Speccheck Package

Speccheck is a statistical software that implements a specification check for p-hacking as described in Brodeur et al., 2020.

This specification check for p-hacking reports t-curves and effect size-curves derived from regressions using every possible combination of control variables from the researchers set. Speccheck allows to visually inspect variation in effect sizes, significativity and sensitivity to the inclusion of control variables. It also allows to inspect the effects sizes and statistical significance of all potential sequences that the control variables could have been included.

Speccheck is available only for Stata at the moment.
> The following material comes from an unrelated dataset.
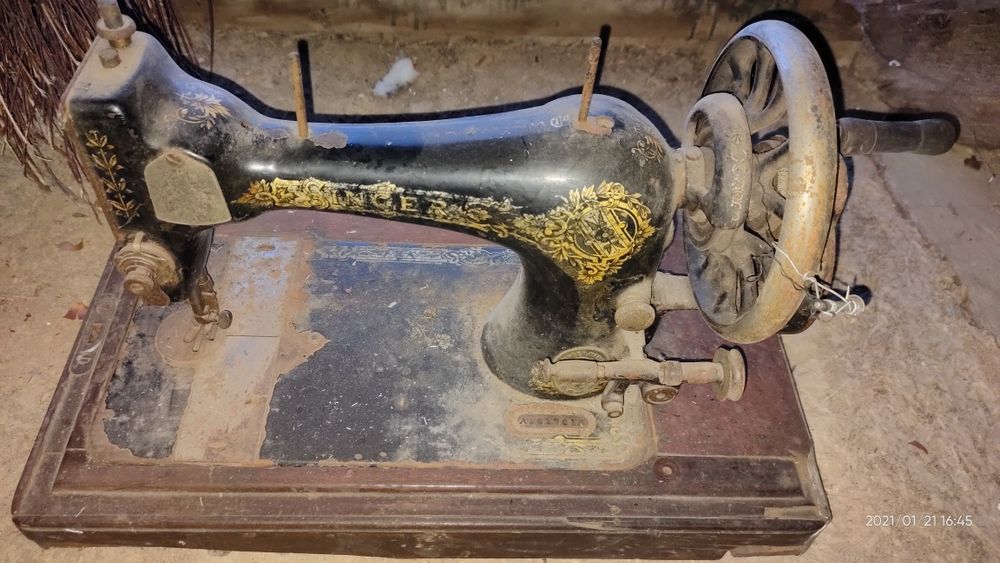 Продам швейную машину Singer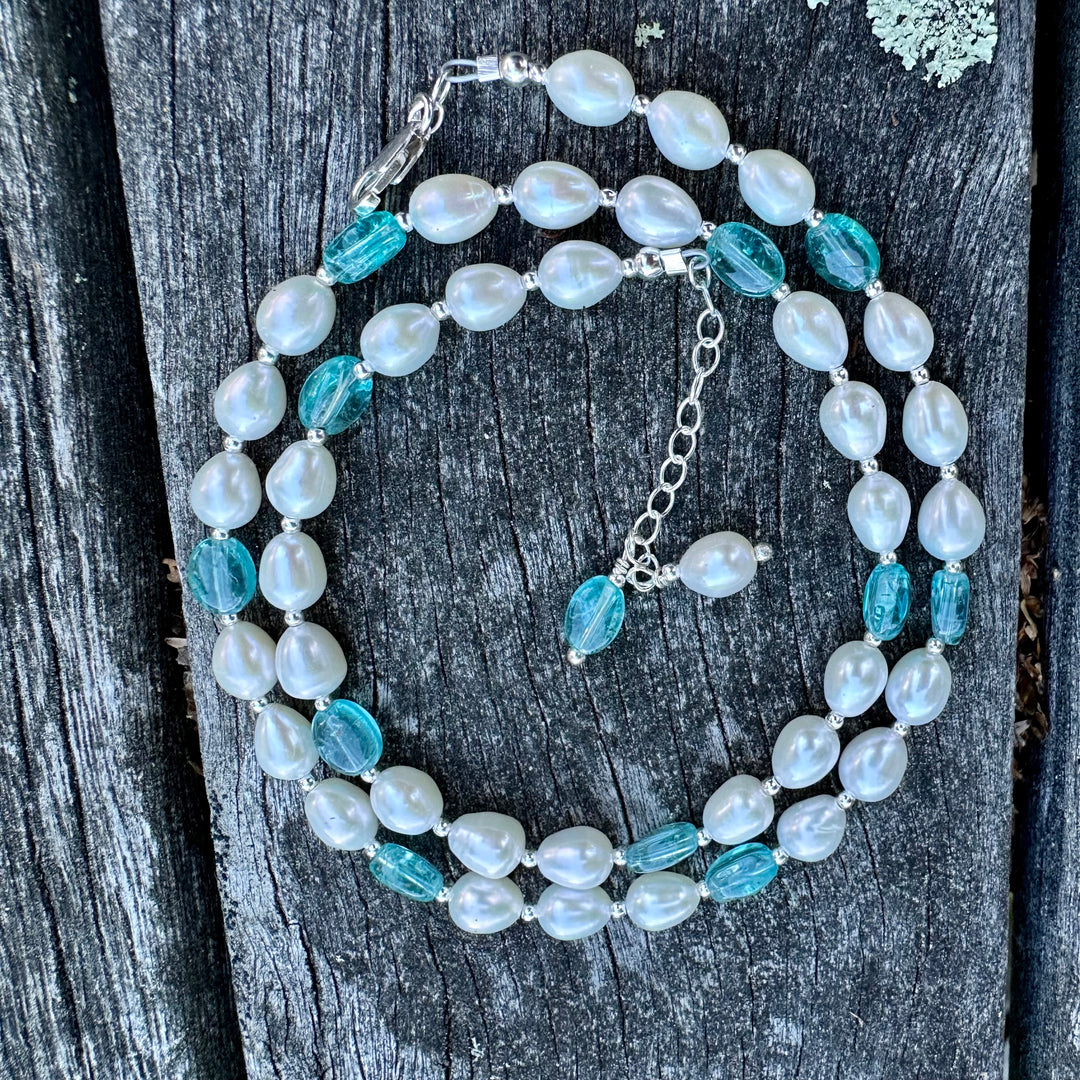 Apatite and freshwater pearl necklace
Feedback from users is appreciated. If you encounter a problem with the software please check "help speccheck" in Stata.

To install speccheck (in Stata) for the first time, simply run the following code:

ssc install speccheck

ssc install tuples // speccheck requires the package tuples to run

To see the syntax and help file for speccheck simply enter the following into the Stata command prompt:

help speccheck

Brodeur et al., 2020 provide an illustrative example by applying speccheck to study the returns to education using the NLSY-79 cohort.

Another example of using speccheck is:

ssc install bcuse // to access the data

bcuse wagepan, clear

xtset nr year

speccheck lwage union educ married exper expersq hours, method(xtreg) xt(fe) nocon(Yes)
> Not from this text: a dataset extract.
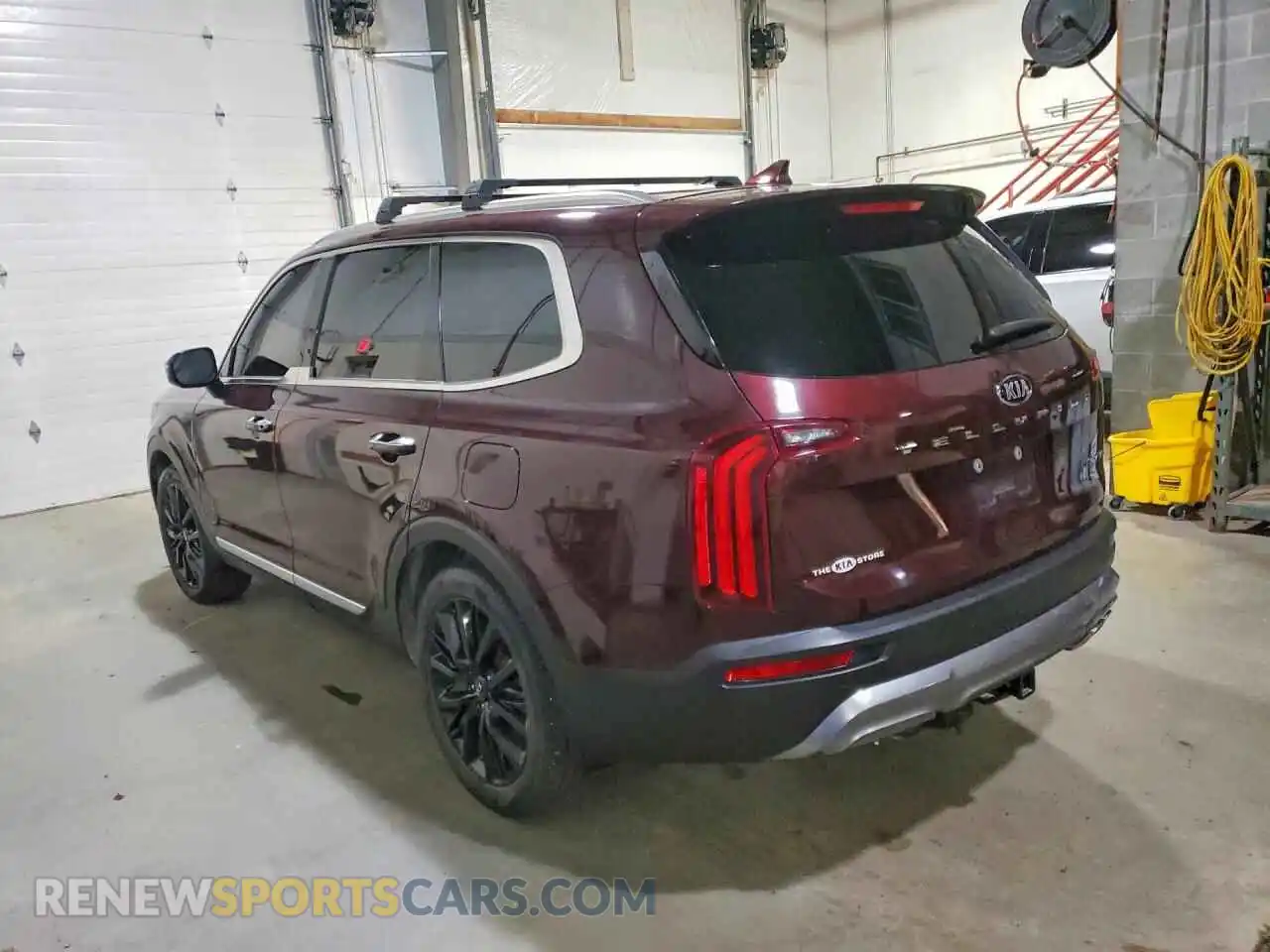 2 Photograph of a damaged car 5XYP54HCXMG129479 KIA TELLURIDE 2021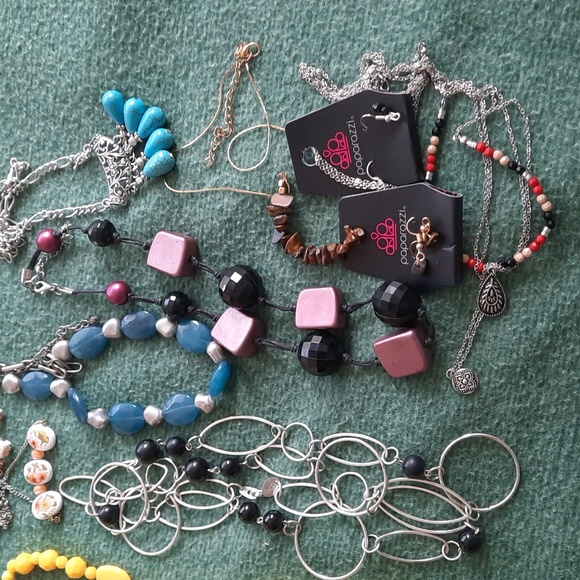 JEWELRY LOT OF 16* PAPARAZZI*VINTAGE*BOHO*FASHION - Picture 9 of 15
This command will use panel wage data used in Wooldridge 2016 and originally sourced from Vella and Verbeek (1998). The data are taken from the National Longitudinal Survey (Youth Sample). It is a sample of 545 men who worked full-time every year from 1980 to 1987, having completed their schooling by 1980. Vella and Verbeek (1998) estimate that union membership results in a wage premium of around 8% with individual fixed effects (Table 3, Cols 3-4).

It will regress the natural logarithm of the reported wages against union status (whether the worker had wages determined by a collective agreement). Because we are using xtreg with panel (individual) fixed effects, we are estimating within-person changes from non-union status to union status. The possible additional control variables (education, marital status, a measure of experience, its square, and number of hours worked) could vary within person over time, and explain wages and union status. speccheck will regress all possible combinations of the possible variables (ignoring the case with no controls as we have specified the nocon(Yes) option). For each regression, the estimated coefficient of union is recorded, along with its statistical significance. These are then plotted into the output figures.

The t-curve tells us that the effect of unionization on wages is always statistically significant at the conventional 5% threshold. The effect curve tells us the unionization premium estimates range from 0 to 25%. However, the mass is concentrated just below the 10%.

When we look at statistical significance by the number of controls, we see that as additional controls are added, the statistical significance of the union wage premium estimate falls, but remains above the t=1.96 threshold.

Turning to effect sizes by the number of additional controls, we see that the median estimate (the center line in each of the box and whisker plots) does not vary substantially. The median effect is estimated to be somewhere between 7-8% depending on specification. This is in line with the results from Vella and Verbeek (1998).


Brodeur, Abel, Nikolai Cook, and Anthony Heyes. "A proposed specification check for p-hacking." AEA Papers and Proceedings. Vol. 110. 2020.